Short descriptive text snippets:
════════
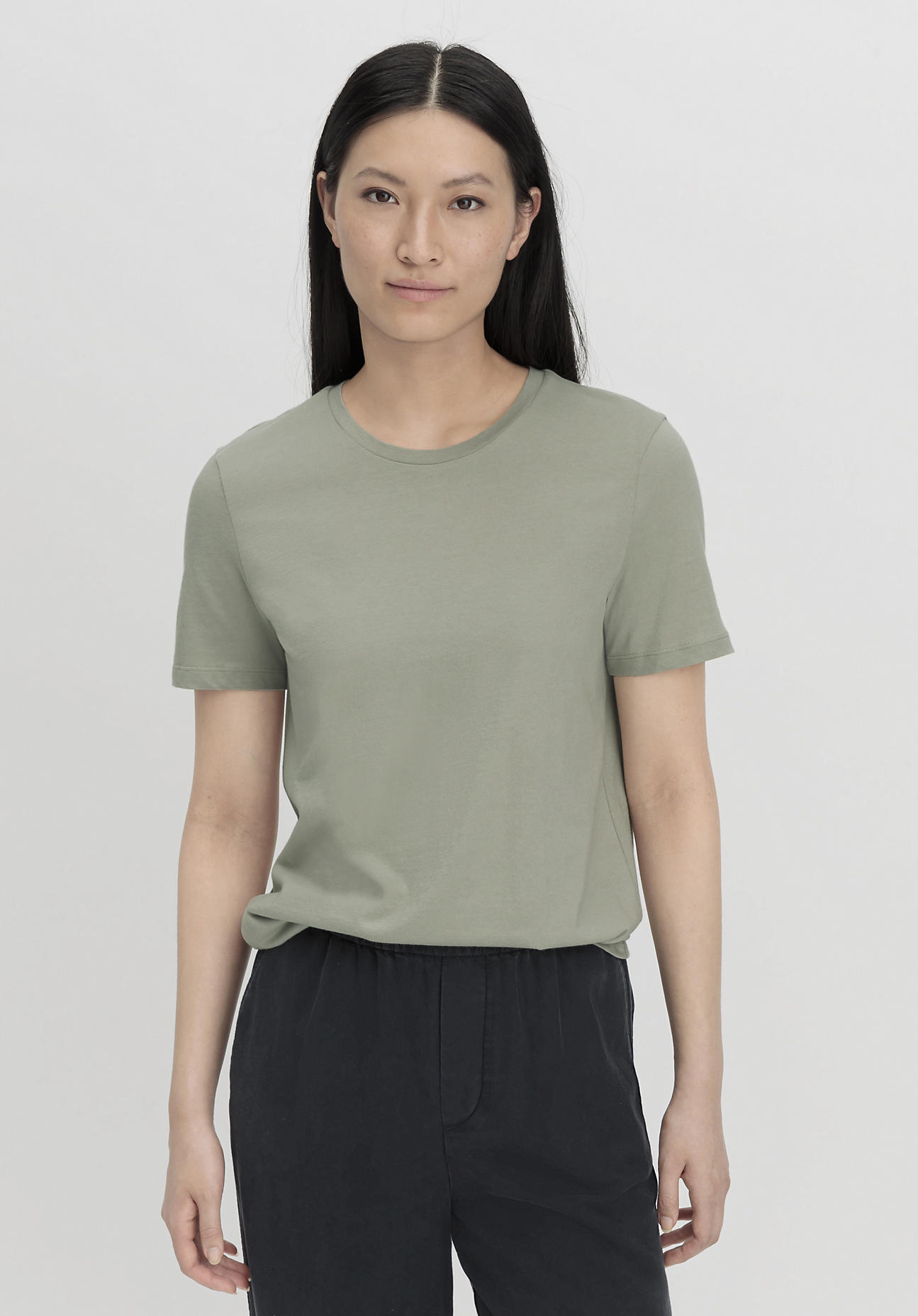 hessnatur Damen T-Shirt Regular aus Bio-Baumwolle - grün Grösse36 von hessnatur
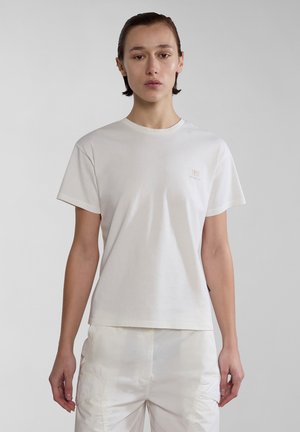 Korte mouwen, ronde hals t-shirt van off-white katoen. Kenmerkt zich door een klein geborduurd logo op de linkerborst en een ontspannen pasvorm.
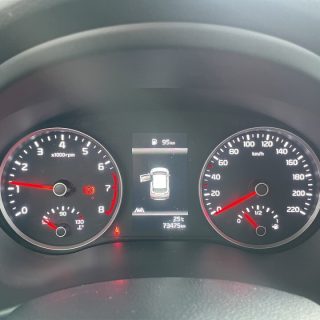 KIA Stonic 1,0 TGDI GPF ISG Silber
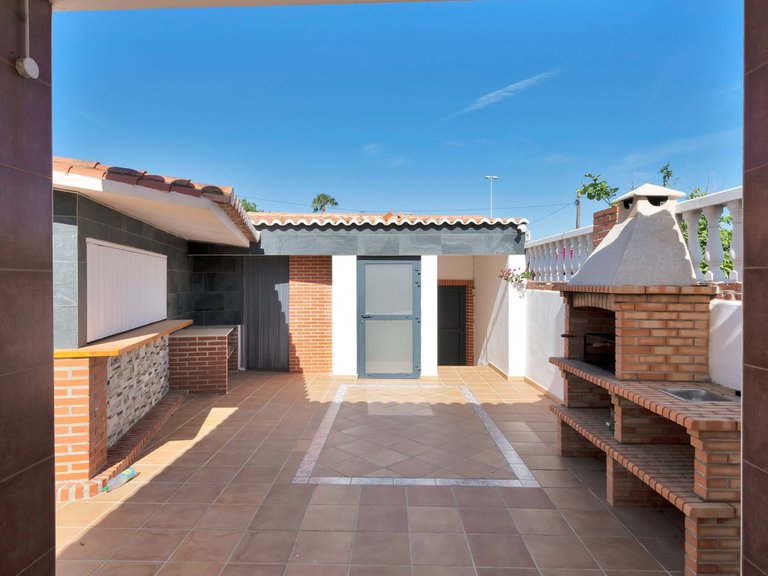 Villa for Sale in El Chaparral, Malaga 64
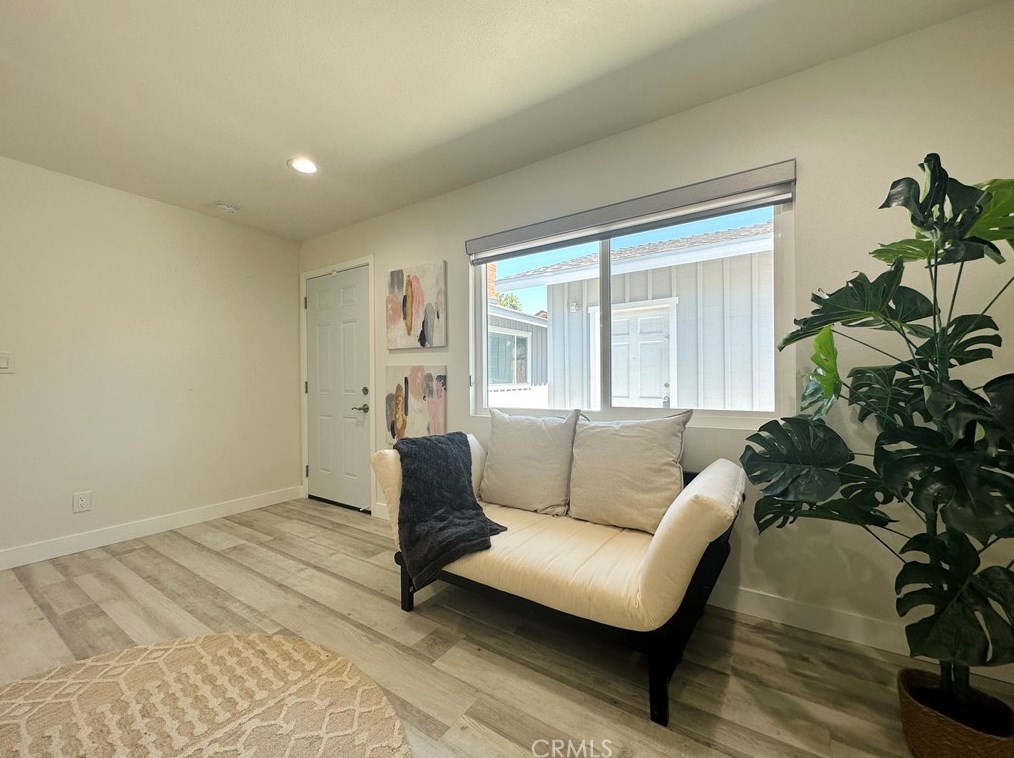 18441 Goodwin Ln, Huntington Beach CA  92646-1652 exterior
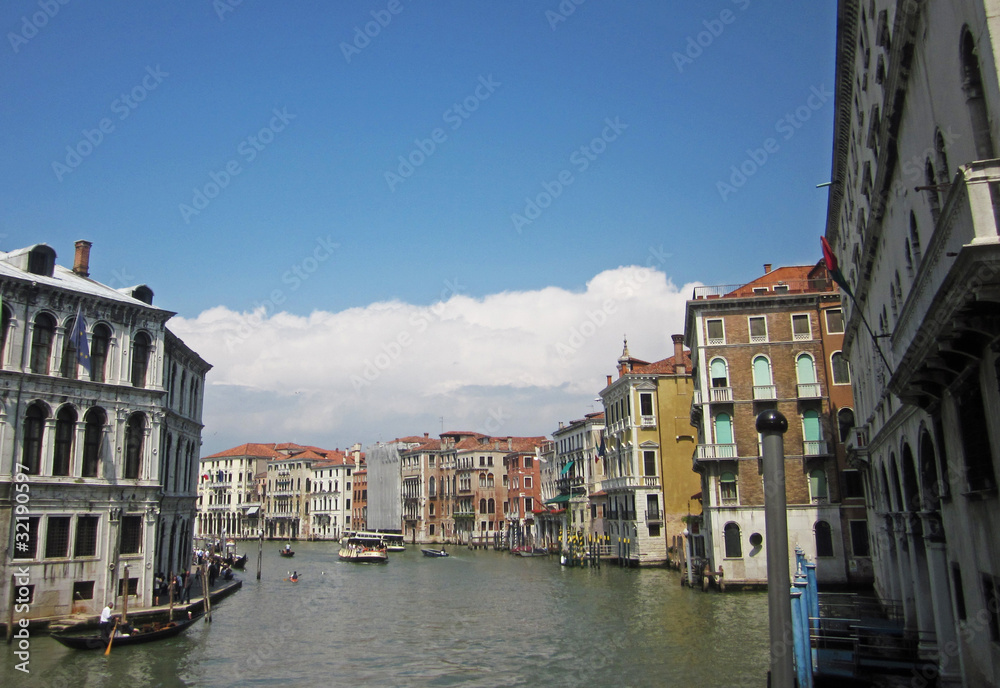 canal grande a  venezia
════════
:: TASK REQUIREMENTS ::
Extract, verbatim and alone, the lines from the line that contains "18441 Goodwin Ln, Huntington" to the last line of the records, inclusive; drop any picture.

:: TASK RESULT ::
 18441 Goodwin Ln, Huntington Beach CA  92646-1652 exterior
 canal grande a  venezia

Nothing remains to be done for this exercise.